About E. coli

Your information source for E. coli, sponsored by Marler Clark

Symptoms of E. coli infection

What happens after the Shiga toxin-producing E. coli are ingested?

E. coli infection occurs when a person ingests Shiga toxin (Stx)-producing E. coli (e.g., E. coli O157:H7) after exposure to contaminated food, beverages, water, animals, or other persons.  After ingestion, E. coli bacteria rapidly multiply in the large intestine and bind tightly to cells in the intestinal lining.  This snug attachment facilitates absorption of the toxin into the small capillaries within the bowel wall, where it attaches to globotriaosylceramide (Gb3) receptors. 

Inflammation caused by the toxins is believed to be the cause of hemorrhagic colitis, the first symptom of E. coli infection, which is characterized by the sudden onset of abdominal pain and severe cramps, followed within 24 hours by diarrhea (Boyce, Swerdlow, & Griffin, 1995; Tarr, 1995).  Hemorrhagic colitis typically occurs within 2 to 5 days of ingestion of E. coli, but the incubation period, or time between the ingestion of E. coli bacteria and the onset of illness, may be as broad as 1 to 10 days. 

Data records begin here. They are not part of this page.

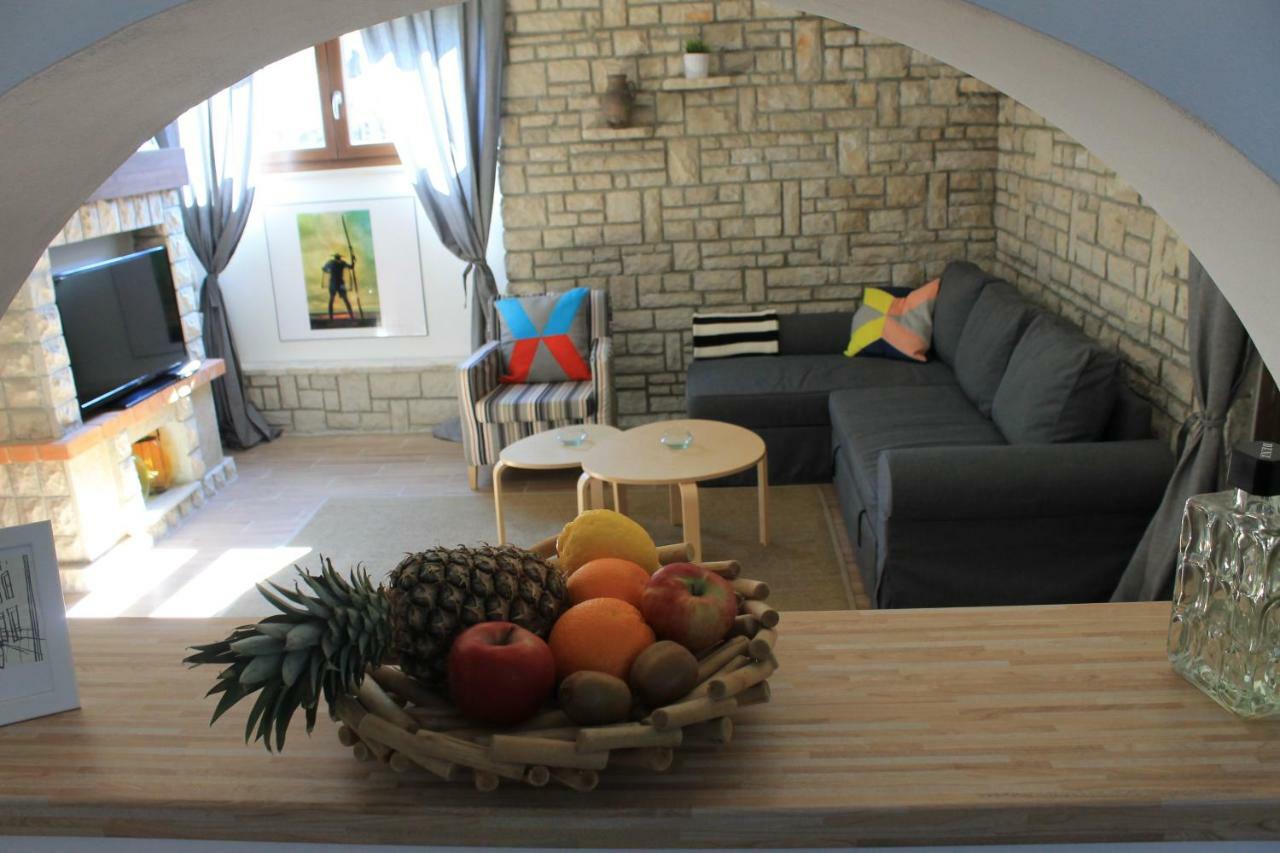 Apartments Dina Pula Ngoại thất bức ảnh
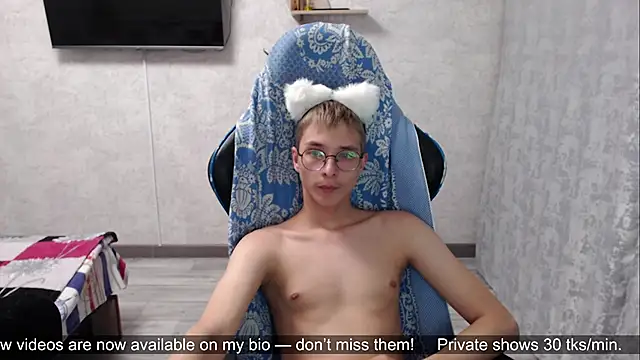 glasses cat online show from May 2026 11:25:02 PM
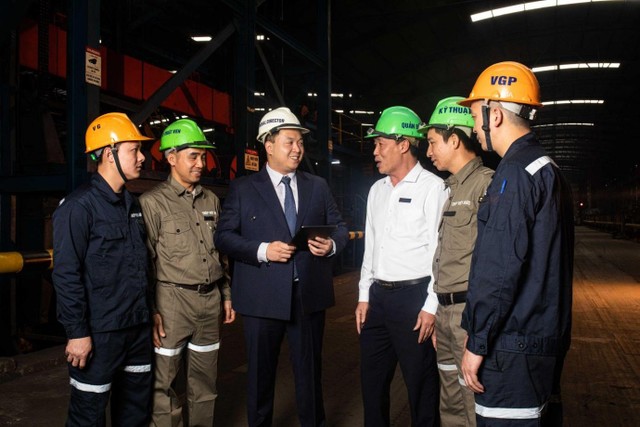 Ông Khánh sát sao với các hoạt động sản xuất tại nhà máy Thép Việt Đức (Vĩnh Phúc)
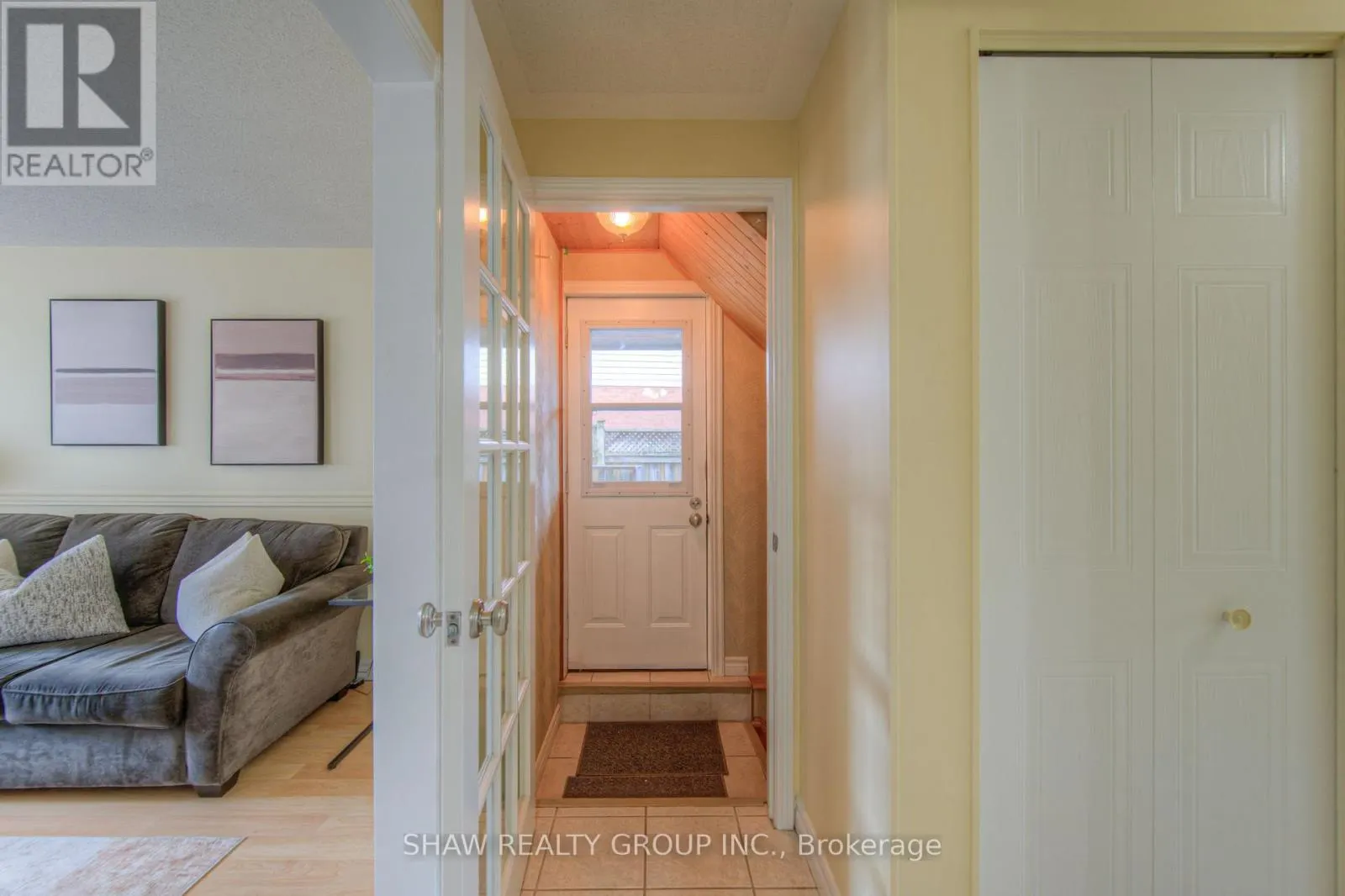 985 ELGIN STREET N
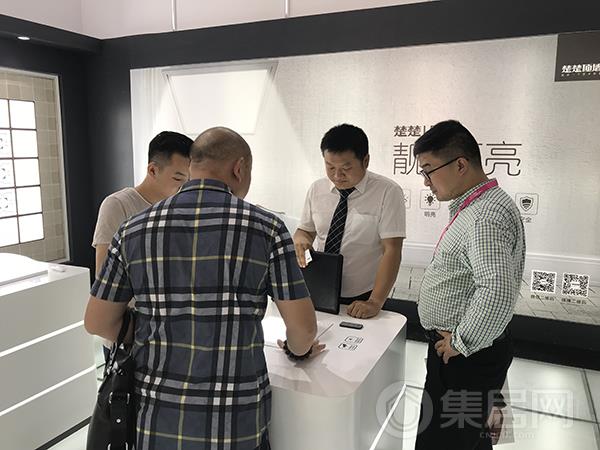 楚楚工作人员向观展者介绍产品信息
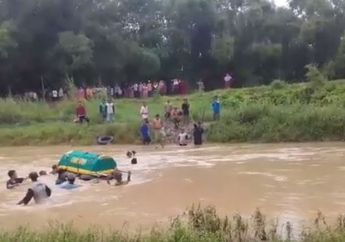 Miris, Warga Terpaksa 'Hanyutkan' Keranda Berisi Jenazah di Kali Lamong Gresik karena Tak Miliki Akses Jembatan Penghubung ke Pemakaman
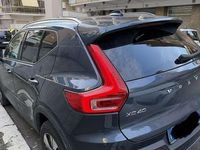 Usata Volvo XC40 Momentum 163 CV (119 kW) 2020 Blu/azzurro SUV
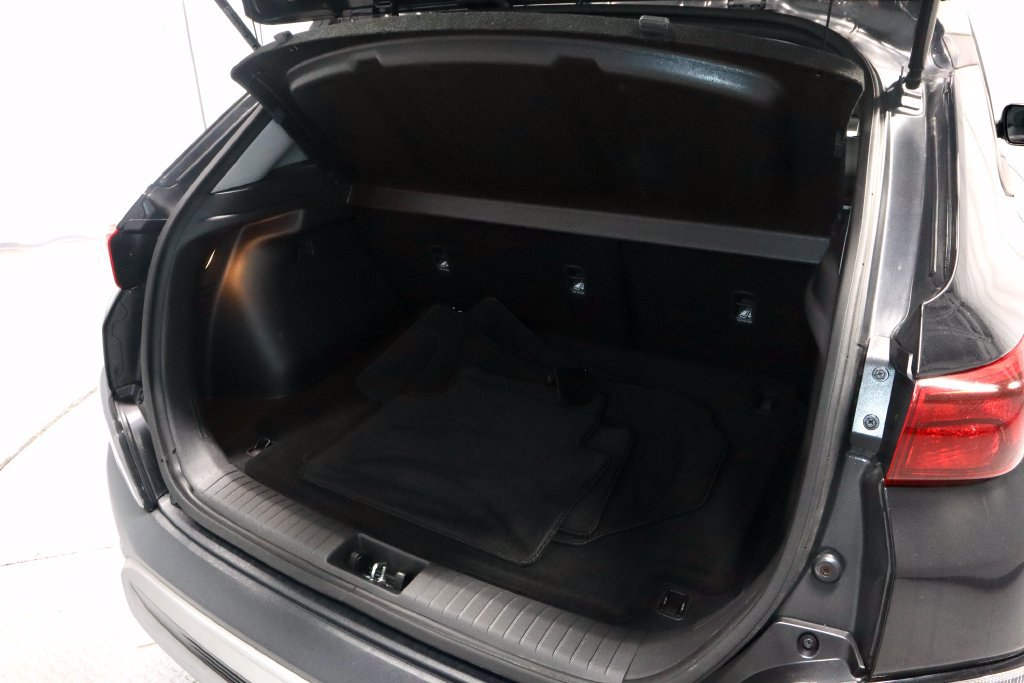 Used 2023 Hyundai Kona SEL w/ Cargo Package FWD image 13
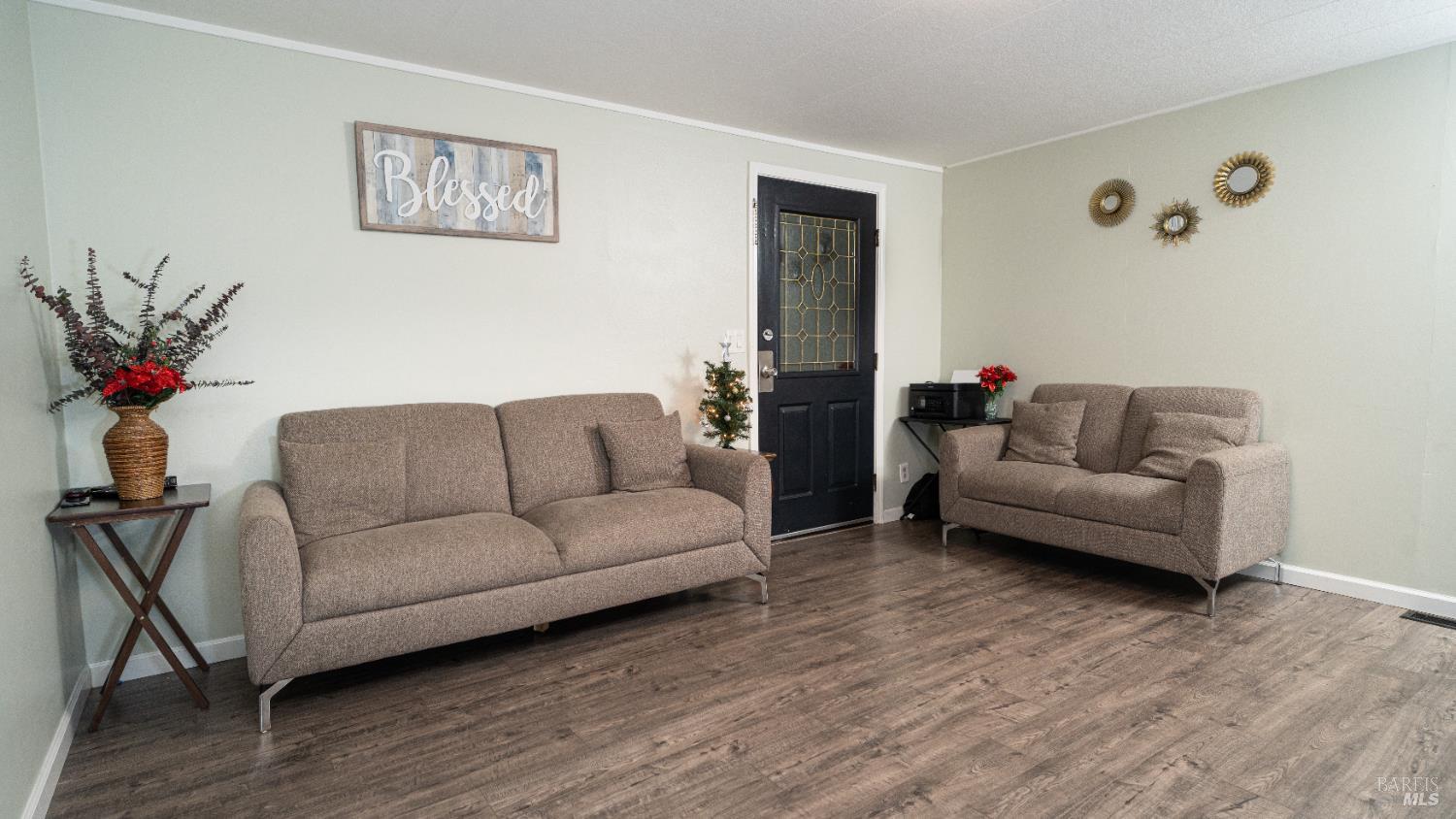 401 Frisbie Avenue Santa Rosa, CA 95407 - Photo 19 of 50 a living room with furniture and a couch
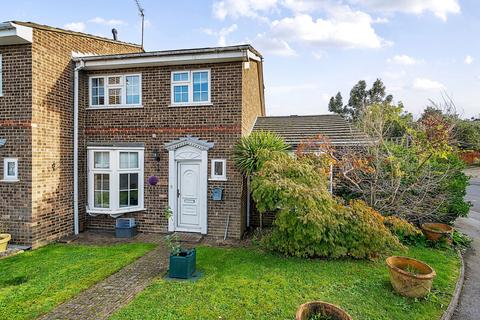 2 Chiltern Gardens, Bromley, BR2 0PT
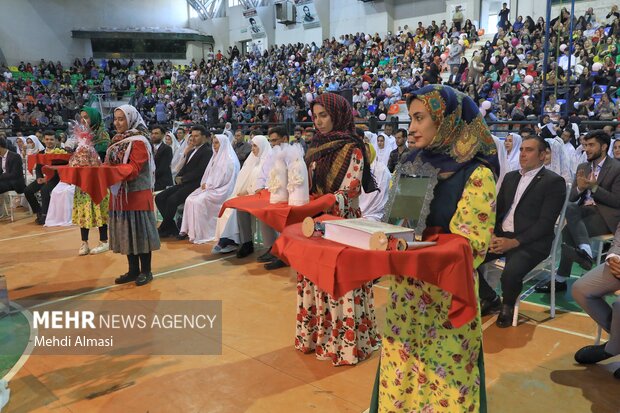 ایرانی صوبہ زنجان میں 110 جوڑوں کی اجتماعی شادی
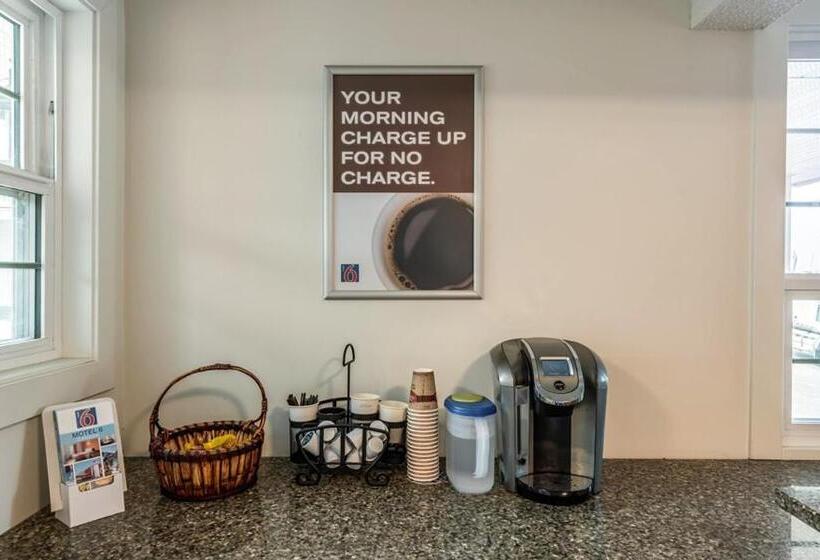 Motel 6 Kamloops, Bc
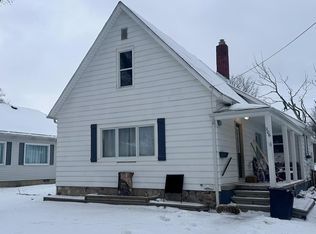 206 Arthur St, Yale, MI 48097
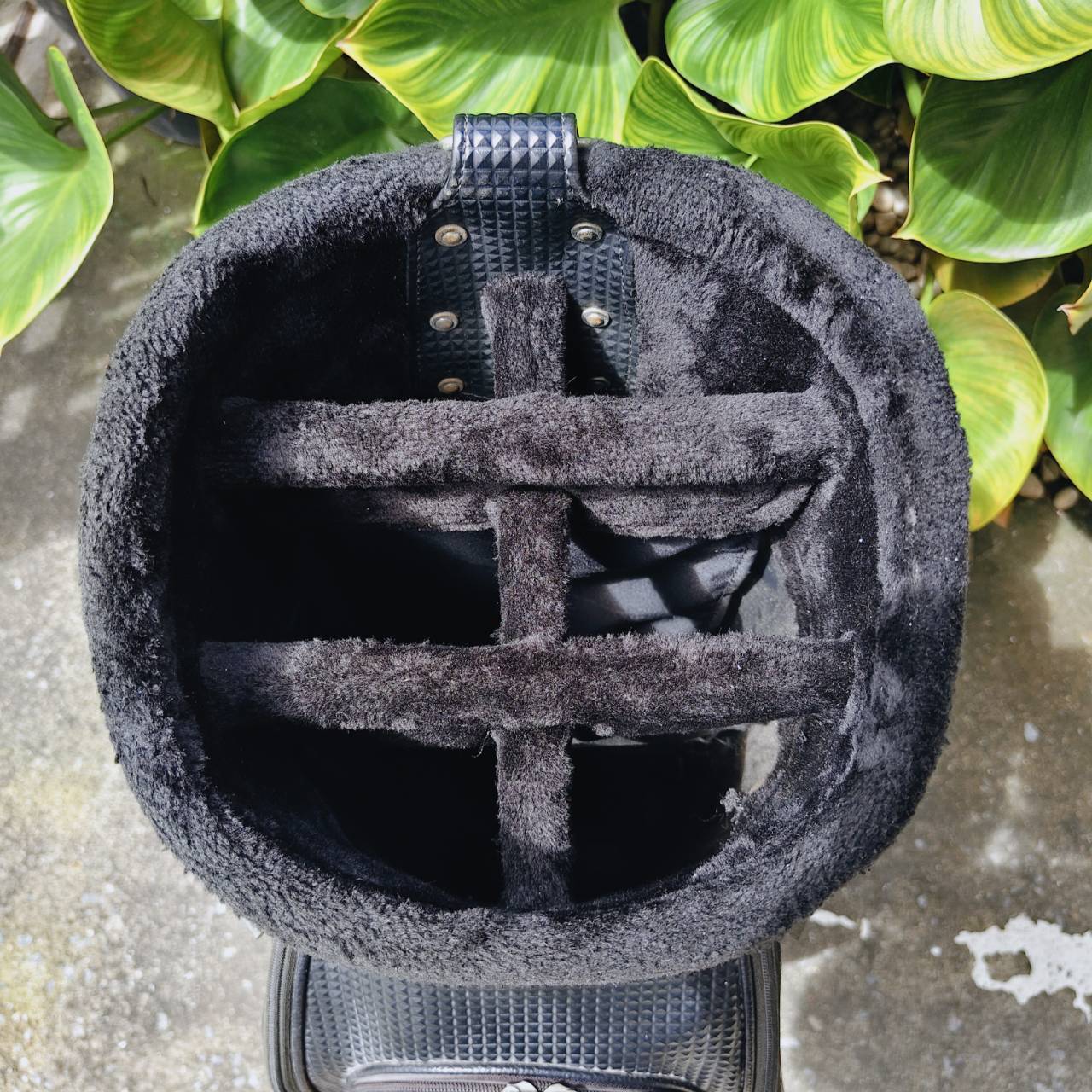 ** มีตำหนิ ** ถุงกอล์ฟ Callaway มือสอง ภายในบุกำมะหยี่อย่างดี วัสดุดี สายสะพายดี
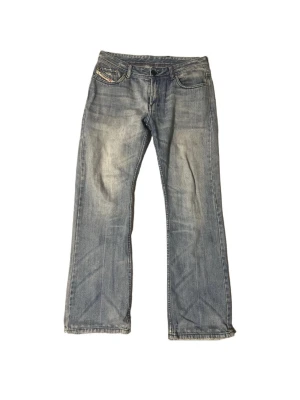 Diesel Bootcut Jeans - Ett par bootcut jeans från märket Diesel.                      Längd 107cm Midja 40cm Benöppning 22-23cm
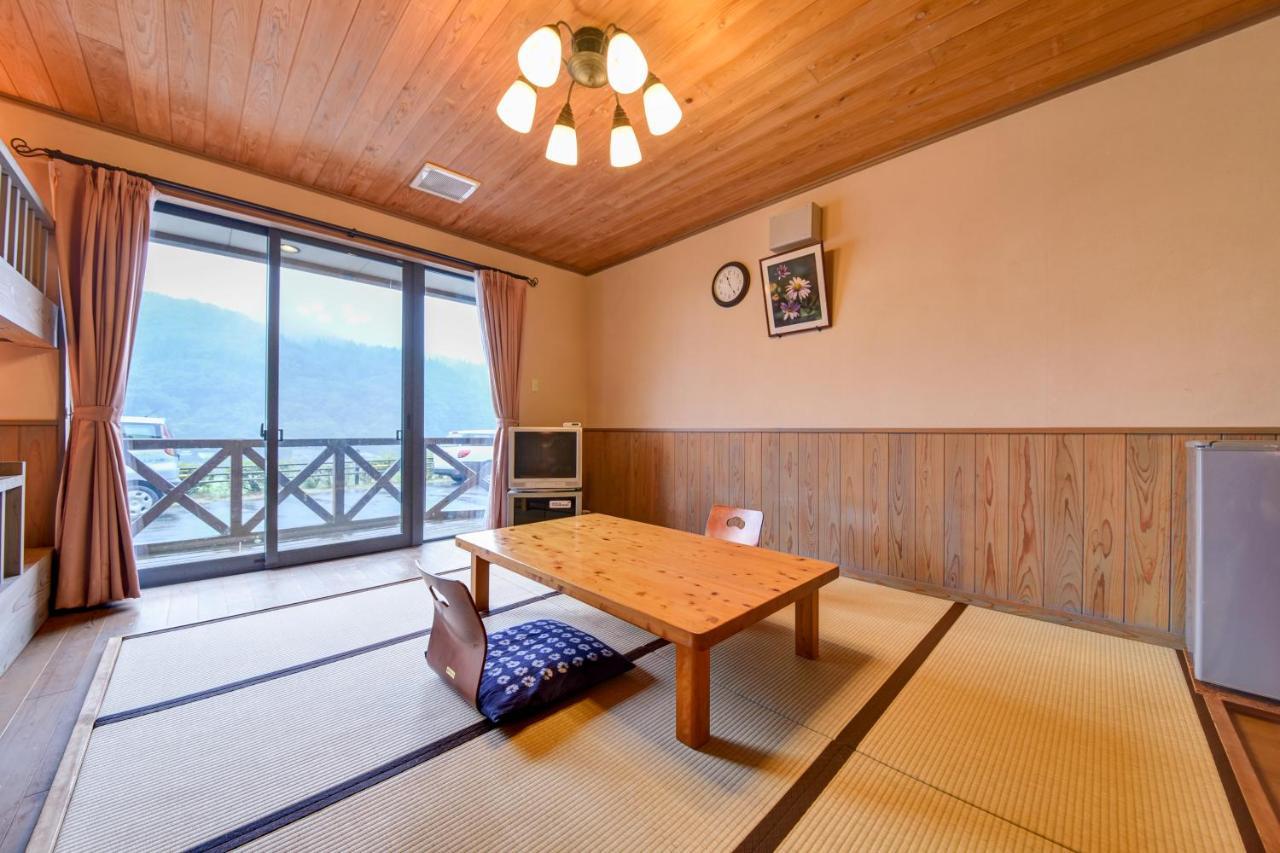 Morizane Onsen Yasuragino Sato 中津 外观 照片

As the infection progresses, diarrhea becomes watery and then may become grossly bloody, that is, bloody to the naked eye.  E. coli symptoms also may include vomiting and fever, although fever is an uncommon symptom. 

On rare occasions, E. coli infection can cause bowel necrosis (tissue death) and perforation without progressing to hemolytic uremic syndrome (HUS)—a complication of E. coli infection that is now recognized as the most common cause of acute kidney failure in infants and young children.  In about 10 percent of E. coli cases, the Shiga toxin attachment to Gb3 receptors results in HUS. 

HUS had been recognized in the medical community since at least the mid-1950’s; however, the syndrome first caught the public’s attention in 1993 following a large E. coli outbreak in Washington State that was linked to the consumption of contaminated hamburgers served at a fast-food chain.  A total of 501 E. coli cases were reported; 151 were hospitalized (31 percent), 45 persons (mostly children) developed HUS (9 percent), and three died (Bell, et al., 1994).

During HUS, the majority of the toxin gains access to the systemic circulation where it becomes attached to weak receptors on white blood cells (WBC) thus allowing the toxin to “ride piggyback” to the kidneys where it is transferred to numerous strong Gb3 receptors that grasp and hold on to the toxin. 

Organ injury is primarily a function of Gb3 receptor location and density.  These receptors are probably always in the gut wall and kidneys, but heterogeneously distributed in the other major body organs.  This may be the reason that some patients develop injury in other vital organs (e.g., brain, etc).  Once Stx attaches to receptors, it moves into the cells’ cytoplasm where it shuts down the cells’ protein machinery resulting in cellular injury or death, and subsequent damage to vital organs such as the kidney, pancreas, and brain.